Canvas likes fiddly procedures, but once you learn them, you can just fill in the blanks.

Loading the Canvas

Getting a canvas to work is not that hard, it just takes a few steps:
  1. Define the canvas in the body.
  2. Load the canvas into the web page.
  3. Get the context of the canvas.
  4. Make sure you get the context!
In this function, you first find the canvas element that was created in the body with the canvas tags. The canvas tag needed to have a height, width, and an id (so it can be found).

Next, do an if statement to make sure you get the canvas. In that statement, use the canvas.getContext method and assign it a name (ctx is popular). Specify that you want a "2d" canvas. 3D is coming but I'm not sure how well it is supported and I'm only looking at 2D games right now.

You want to make sure you got the context. It's like page load. You'll appreciate it the first time you make a typo or forget to define the canvas tag in the body.

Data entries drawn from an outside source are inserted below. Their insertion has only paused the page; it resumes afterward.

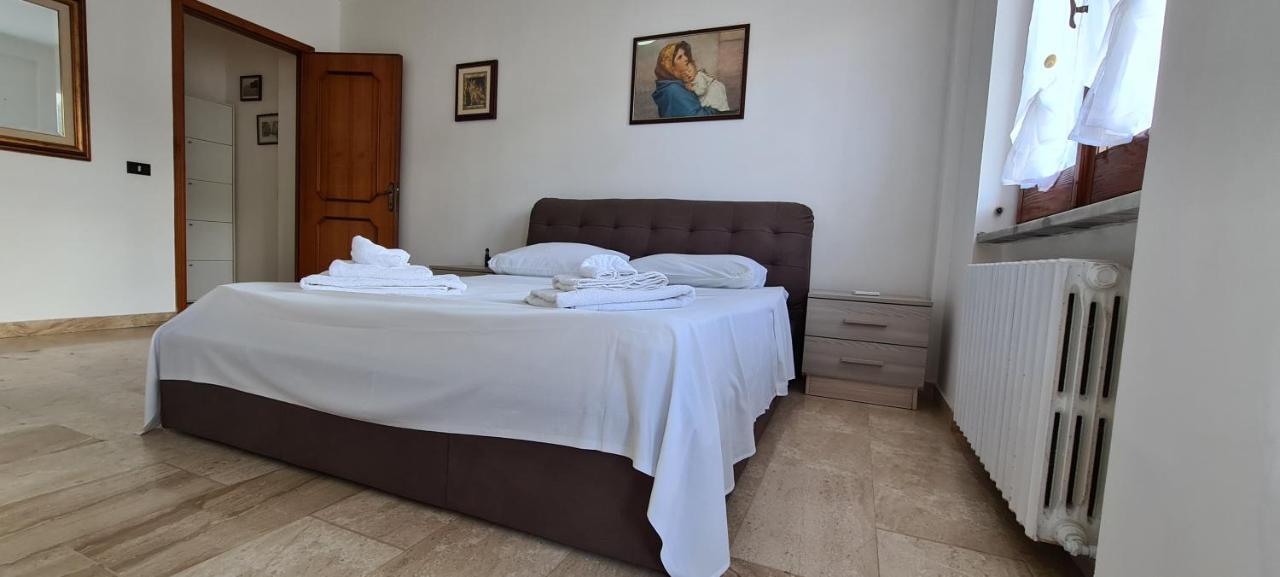 Em Holiday Apartment2 Quartu Sant'Elena Ngoại thất bức ảnh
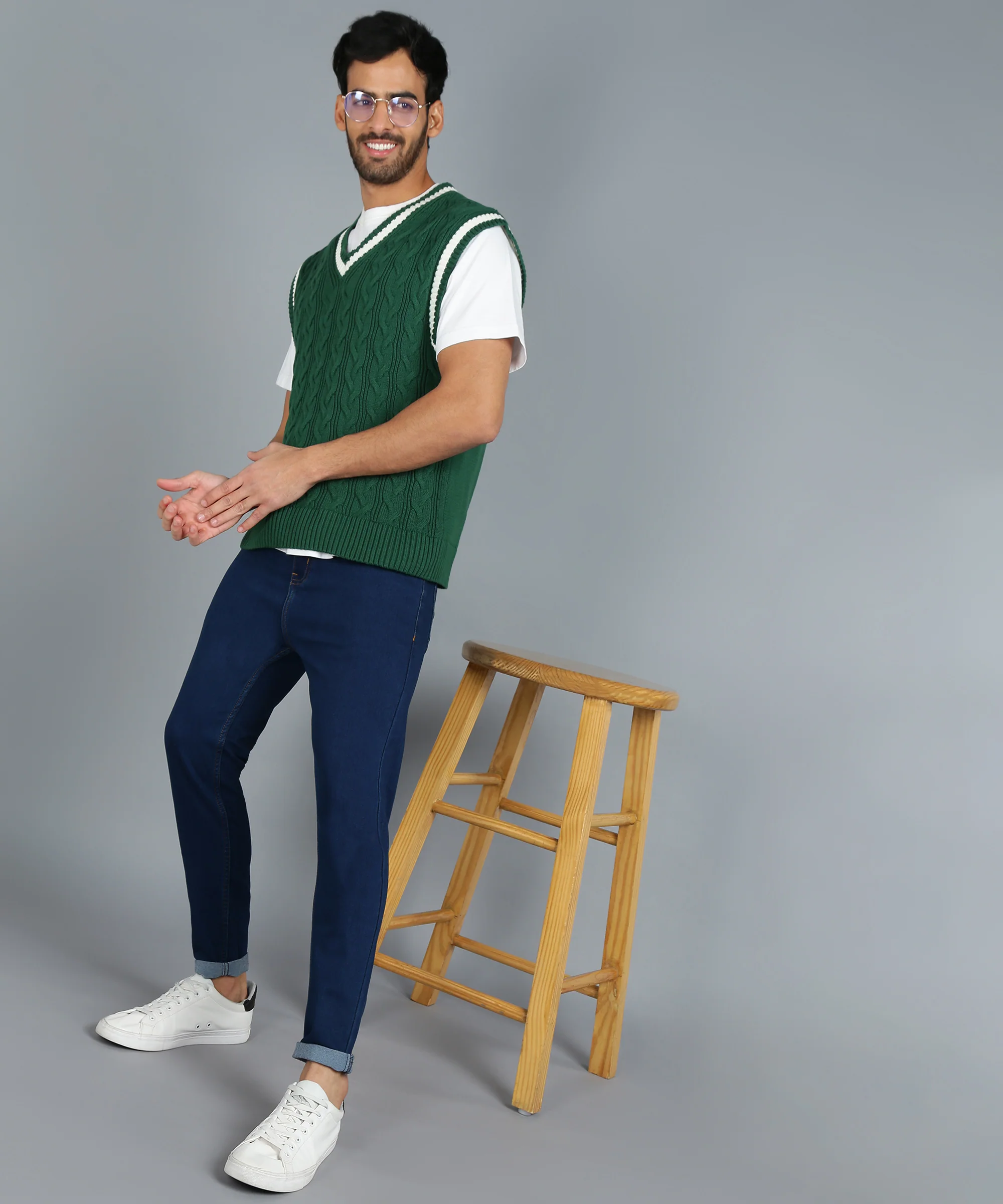 Men's Navy Carrot Fit Denim Jeans Stretchable - Image 4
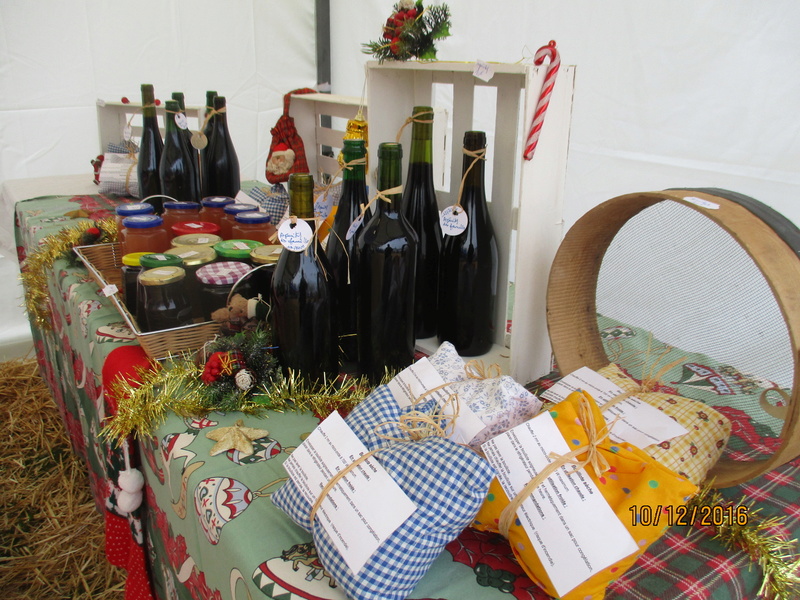 Petit marché de Noel Img_2105
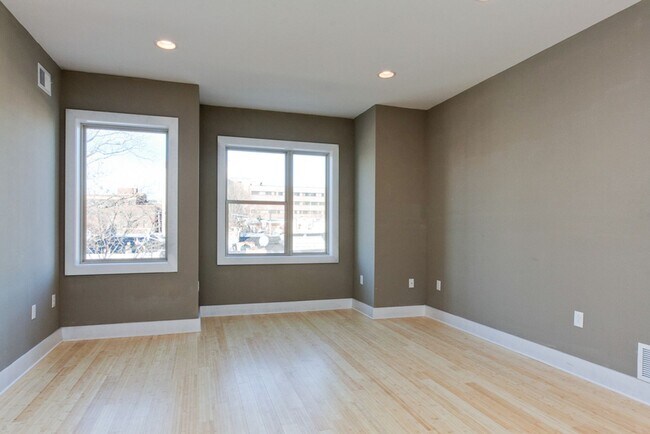Building Photo - Queen Village Townhome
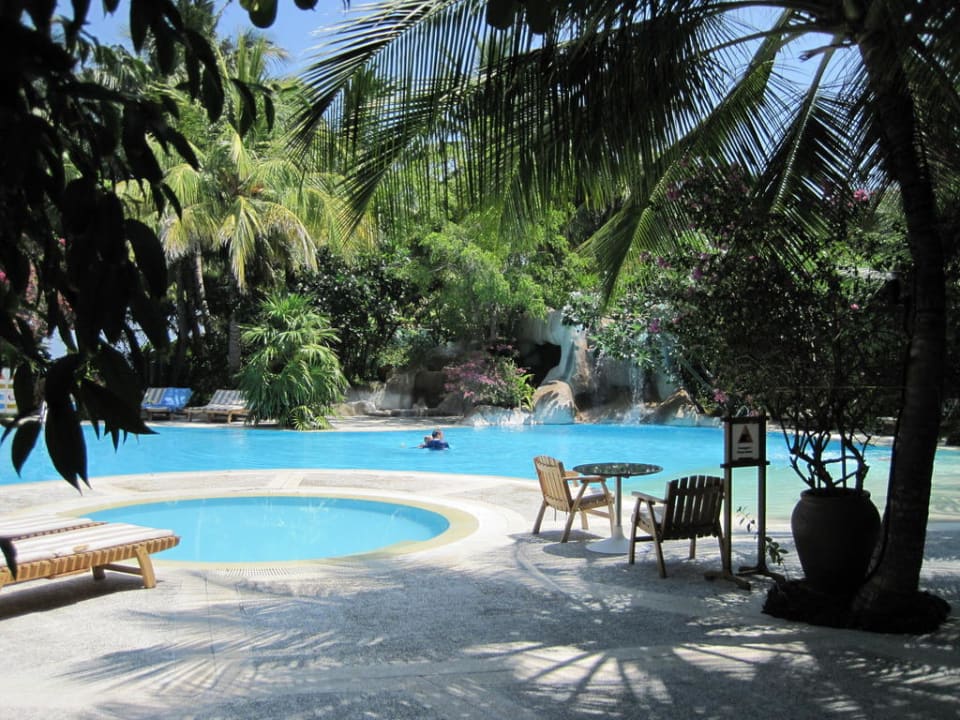 Pool in der Mitte der Insel Kuramathi Maldives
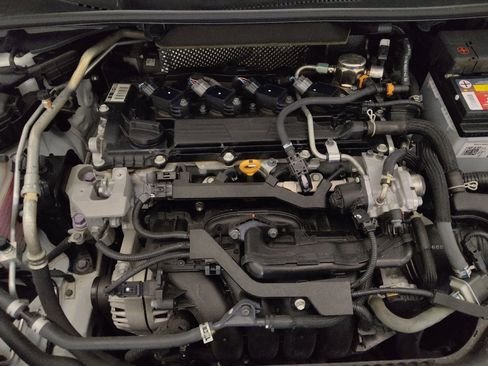 Used 2022 Toyota Corolla SE FWD image 30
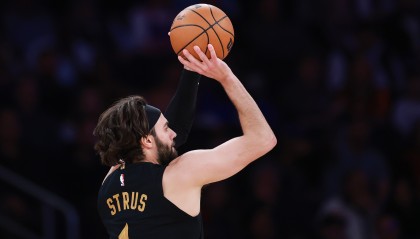 开云移动端-三分7中6！基德：都以为斯特鲁斯会有点生疏 但他看起来状态极佳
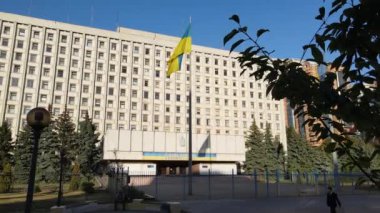 Ukrayna Merkez Seçim Komisyonu 'nun Kyiv' deki binası. Havadan. Yavaş çekim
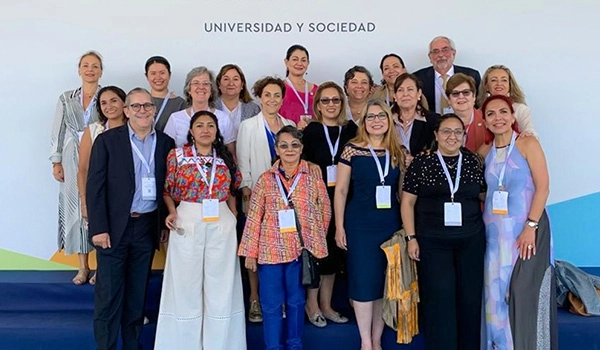 La UDLAP, por conducto de su rectora interina, la Dra. Cecilia Anaya Berríos, estuvo presente en la V Cumbre Internacional de Rectores.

Canvas Element in the Body

Just put the canvas element in the body. Give it a size and id. The position of the canvas is determined by the flow of the page, but wherever it is, once you have its context, you can blast away on it. Think of canvas as its own little world. You can draw on it and every HTML5 browser supports it.

That's it for now. This seems to run as fast as the CSS ball bouncing, but I haven't done any precise tests yet. It runs fast enough to convince me I can do an action game with Canvas or CSS.

So far, the advantage goes to CSS, because I don't care about what's on the screen and I don't erase anything. In CSS I just move the ball, but in Canvas I have to clean up after the ball moves. Well, maybe that's like taking care of a cute little puppy.